Directions >> Write out the following listing's lines from the one with "Penthouse for sale - 6900 Massagno - Photo 3" to the one with "RAMPAGE miš SMX-G38 Claw 3", exactly, with both included and no others.
═════ Provided data
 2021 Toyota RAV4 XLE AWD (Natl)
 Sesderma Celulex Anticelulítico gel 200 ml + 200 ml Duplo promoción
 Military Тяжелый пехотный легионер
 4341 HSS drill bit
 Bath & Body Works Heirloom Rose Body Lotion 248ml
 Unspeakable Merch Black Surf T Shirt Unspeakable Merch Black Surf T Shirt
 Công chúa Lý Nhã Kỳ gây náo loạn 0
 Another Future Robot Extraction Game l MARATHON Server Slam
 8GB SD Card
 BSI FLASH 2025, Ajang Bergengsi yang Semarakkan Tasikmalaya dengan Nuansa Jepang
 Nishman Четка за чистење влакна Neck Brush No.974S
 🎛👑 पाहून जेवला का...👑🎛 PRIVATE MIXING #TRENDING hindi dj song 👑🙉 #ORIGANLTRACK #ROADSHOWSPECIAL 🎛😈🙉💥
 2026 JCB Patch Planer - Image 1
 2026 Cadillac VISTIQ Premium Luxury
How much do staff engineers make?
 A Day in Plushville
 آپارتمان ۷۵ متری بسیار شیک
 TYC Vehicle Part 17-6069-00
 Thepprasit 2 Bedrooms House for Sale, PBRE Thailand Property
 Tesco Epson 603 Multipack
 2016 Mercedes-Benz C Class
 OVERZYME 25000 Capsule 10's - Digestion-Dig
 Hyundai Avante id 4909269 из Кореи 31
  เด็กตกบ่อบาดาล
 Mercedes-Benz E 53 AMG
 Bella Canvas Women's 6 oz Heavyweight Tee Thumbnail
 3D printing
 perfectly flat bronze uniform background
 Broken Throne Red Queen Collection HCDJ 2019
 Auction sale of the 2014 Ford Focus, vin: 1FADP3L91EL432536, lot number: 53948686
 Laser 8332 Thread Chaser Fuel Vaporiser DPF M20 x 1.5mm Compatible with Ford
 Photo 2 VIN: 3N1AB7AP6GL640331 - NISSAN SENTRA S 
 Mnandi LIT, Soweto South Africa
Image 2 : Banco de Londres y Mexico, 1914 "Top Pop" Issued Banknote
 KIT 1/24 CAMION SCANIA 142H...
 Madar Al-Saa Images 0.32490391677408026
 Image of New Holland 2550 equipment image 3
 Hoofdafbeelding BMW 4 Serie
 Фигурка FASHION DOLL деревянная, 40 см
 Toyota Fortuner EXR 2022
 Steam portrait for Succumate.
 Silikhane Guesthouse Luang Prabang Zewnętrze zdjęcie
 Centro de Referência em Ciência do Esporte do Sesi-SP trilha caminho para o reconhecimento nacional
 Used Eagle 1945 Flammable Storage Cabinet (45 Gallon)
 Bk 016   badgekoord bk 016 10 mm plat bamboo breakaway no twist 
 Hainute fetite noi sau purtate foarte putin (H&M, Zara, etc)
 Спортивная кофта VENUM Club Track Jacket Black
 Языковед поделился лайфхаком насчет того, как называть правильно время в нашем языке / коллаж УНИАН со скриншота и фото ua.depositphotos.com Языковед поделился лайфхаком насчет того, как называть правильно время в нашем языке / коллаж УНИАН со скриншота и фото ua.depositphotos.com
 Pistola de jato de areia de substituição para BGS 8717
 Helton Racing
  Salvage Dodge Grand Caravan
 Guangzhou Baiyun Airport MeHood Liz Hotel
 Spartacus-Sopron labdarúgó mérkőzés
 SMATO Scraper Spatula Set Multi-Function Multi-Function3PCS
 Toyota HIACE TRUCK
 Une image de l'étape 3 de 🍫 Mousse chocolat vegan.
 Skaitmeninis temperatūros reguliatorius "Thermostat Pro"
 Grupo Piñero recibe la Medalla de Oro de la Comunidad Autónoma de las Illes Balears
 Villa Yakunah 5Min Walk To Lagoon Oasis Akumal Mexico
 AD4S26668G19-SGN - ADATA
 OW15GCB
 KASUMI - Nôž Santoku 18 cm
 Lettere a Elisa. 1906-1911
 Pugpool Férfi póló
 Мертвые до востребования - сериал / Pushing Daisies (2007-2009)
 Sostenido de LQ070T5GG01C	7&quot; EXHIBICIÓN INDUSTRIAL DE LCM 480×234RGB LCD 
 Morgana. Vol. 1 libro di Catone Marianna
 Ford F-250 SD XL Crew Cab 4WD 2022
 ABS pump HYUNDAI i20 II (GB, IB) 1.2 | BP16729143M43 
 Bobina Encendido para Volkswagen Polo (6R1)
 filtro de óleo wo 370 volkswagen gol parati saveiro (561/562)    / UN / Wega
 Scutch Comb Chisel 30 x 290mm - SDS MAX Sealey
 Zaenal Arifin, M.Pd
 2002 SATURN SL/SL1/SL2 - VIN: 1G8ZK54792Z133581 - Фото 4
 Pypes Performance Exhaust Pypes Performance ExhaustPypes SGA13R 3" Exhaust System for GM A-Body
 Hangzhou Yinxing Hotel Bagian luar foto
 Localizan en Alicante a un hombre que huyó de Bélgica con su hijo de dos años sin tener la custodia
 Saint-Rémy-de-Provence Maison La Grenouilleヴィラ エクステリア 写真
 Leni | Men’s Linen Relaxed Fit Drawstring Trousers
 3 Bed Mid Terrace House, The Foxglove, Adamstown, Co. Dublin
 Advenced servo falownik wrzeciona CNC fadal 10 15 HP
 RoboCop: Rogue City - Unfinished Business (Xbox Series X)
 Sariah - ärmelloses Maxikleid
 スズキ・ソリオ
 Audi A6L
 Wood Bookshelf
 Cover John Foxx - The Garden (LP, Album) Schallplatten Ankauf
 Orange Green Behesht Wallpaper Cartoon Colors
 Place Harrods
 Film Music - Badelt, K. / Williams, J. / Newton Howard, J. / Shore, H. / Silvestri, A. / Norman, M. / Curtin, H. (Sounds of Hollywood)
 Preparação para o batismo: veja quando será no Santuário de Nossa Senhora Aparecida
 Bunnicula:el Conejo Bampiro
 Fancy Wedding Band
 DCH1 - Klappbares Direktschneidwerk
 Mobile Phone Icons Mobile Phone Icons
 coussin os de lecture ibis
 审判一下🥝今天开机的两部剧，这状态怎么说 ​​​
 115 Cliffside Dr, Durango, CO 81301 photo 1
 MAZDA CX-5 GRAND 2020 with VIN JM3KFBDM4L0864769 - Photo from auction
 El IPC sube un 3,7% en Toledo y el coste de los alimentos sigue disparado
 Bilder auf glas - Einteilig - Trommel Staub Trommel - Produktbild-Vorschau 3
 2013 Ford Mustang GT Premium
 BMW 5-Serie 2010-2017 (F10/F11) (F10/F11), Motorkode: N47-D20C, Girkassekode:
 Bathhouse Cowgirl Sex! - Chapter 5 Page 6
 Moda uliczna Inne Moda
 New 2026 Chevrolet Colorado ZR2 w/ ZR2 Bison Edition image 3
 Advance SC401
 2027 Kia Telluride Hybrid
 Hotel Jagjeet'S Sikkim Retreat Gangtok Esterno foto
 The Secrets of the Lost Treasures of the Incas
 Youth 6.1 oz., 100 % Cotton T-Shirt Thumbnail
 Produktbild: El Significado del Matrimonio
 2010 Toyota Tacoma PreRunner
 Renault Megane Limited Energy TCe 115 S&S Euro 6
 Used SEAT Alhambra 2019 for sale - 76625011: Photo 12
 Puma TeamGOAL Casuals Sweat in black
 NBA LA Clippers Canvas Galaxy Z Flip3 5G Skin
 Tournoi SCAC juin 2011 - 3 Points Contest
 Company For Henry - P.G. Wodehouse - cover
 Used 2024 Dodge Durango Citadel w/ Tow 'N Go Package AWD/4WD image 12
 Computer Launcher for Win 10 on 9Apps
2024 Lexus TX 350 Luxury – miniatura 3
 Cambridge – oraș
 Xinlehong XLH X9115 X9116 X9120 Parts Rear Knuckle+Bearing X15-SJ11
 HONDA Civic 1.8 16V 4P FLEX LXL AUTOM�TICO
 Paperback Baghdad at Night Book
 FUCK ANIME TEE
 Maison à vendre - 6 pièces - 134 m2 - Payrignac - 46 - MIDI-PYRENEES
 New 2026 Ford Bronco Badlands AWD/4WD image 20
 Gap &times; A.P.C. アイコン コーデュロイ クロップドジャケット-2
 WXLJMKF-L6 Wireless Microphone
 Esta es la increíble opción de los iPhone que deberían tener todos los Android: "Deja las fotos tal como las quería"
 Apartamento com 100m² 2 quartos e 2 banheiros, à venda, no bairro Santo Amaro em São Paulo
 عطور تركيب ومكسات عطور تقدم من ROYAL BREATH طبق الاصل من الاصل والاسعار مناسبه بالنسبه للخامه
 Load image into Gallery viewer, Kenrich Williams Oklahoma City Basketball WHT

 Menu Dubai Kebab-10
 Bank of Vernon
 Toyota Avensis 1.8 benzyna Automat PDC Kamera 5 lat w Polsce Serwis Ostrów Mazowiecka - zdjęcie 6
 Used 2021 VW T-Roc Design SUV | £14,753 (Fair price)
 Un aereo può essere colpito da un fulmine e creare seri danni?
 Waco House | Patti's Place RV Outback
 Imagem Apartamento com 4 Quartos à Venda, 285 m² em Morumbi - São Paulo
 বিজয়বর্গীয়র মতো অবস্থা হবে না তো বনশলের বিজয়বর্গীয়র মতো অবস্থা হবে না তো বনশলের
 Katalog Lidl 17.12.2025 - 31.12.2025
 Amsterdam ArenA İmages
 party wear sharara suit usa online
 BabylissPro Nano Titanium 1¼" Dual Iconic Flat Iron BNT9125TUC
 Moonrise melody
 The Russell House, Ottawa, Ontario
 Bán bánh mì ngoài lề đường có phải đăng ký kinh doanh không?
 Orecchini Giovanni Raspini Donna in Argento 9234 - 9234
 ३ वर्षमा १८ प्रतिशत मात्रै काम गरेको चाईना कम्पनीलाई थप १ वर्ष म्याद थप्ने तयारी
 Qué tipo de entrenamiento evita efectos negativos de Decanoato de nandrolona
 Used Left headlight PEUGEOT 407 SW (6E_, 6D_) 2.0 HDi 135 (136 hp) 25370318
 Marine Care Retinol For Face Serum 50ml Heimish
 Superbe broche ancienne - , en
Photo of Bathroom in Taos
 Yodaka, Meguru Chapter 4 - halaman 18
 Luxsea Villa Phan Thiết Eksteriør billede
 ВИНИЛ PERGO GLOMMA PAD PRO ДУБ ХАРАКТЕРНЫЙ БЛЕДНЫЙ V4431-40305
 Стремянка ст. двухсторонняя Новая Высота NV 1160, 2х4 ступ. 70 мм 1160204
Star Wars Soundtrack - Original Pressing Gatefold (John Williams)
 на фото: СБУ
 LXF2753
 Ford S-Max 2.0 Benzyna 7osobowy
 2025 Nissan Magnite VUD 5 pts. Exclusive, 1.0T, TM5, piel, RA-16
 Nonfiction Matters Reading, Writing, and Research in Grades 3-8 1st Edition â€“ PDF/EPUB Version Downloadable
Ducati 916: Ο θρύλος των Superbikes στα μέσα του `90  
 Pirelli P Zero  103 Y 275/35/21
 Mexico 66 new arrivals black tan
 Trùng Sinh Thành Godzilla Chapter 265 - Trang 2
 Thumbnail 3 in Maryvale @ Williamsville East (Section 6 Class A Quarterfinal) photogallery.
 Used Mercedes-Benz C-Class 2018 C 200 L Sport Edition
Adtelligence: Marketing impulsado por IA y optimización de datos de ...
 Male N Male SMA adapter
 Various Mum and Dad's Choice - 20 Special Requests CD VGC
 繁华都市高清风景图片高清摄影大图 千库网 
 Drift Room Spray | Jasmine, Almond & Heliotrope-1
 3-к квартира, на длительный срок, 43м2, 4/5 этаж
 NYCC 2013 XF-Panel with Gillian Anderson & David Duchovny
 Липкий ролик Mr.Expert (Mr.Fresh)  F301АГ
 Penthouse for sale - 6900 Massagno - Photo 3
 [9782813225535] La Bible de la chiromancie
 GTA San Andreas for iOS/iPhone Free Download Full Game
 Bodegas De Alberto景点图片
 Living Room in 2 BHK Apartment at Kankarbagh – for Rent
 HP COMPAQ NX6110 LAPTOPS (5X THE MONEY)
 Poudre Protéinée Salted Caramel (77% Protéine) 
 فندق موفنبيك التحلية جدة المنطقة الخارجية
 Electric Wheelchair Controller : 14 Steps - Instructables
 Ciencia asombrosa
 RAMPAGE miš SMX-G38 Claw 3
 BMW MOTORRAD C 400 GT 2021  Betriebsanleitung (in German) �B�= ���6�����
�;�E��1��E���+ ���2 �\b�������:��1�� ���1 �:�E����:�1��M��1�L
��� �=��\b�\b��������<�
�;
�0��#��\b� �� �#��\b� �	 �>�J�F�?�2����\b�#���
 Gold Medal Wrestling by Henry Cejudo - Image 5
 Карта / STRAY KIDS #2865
══════════
Written response >>
 Penthouse for sale - 6900 Massagno - Photo 3
 [9782813225535] La Bible de la chiromancie
 GTA San Andreas for iOS/iPhone Free Download Full Game
 Bodegas De Alberto景点图片
 Living Room in 2 BHK Apartment at Kankarbagh – for Rent
 HP COMPAQ NX6110 LAPTOPS (5X THE MONEY)
 Poudre Protéinée Salted Caramel (77% Protéine) 
 فندق موفنبيك التحلية جدة المنطقة الخارجية
 Electric Wheelchair Controller : 14 Steps - Instructables
 Ciencia asombrosa
 RAMPAGE miš SMX-G38 Claw 3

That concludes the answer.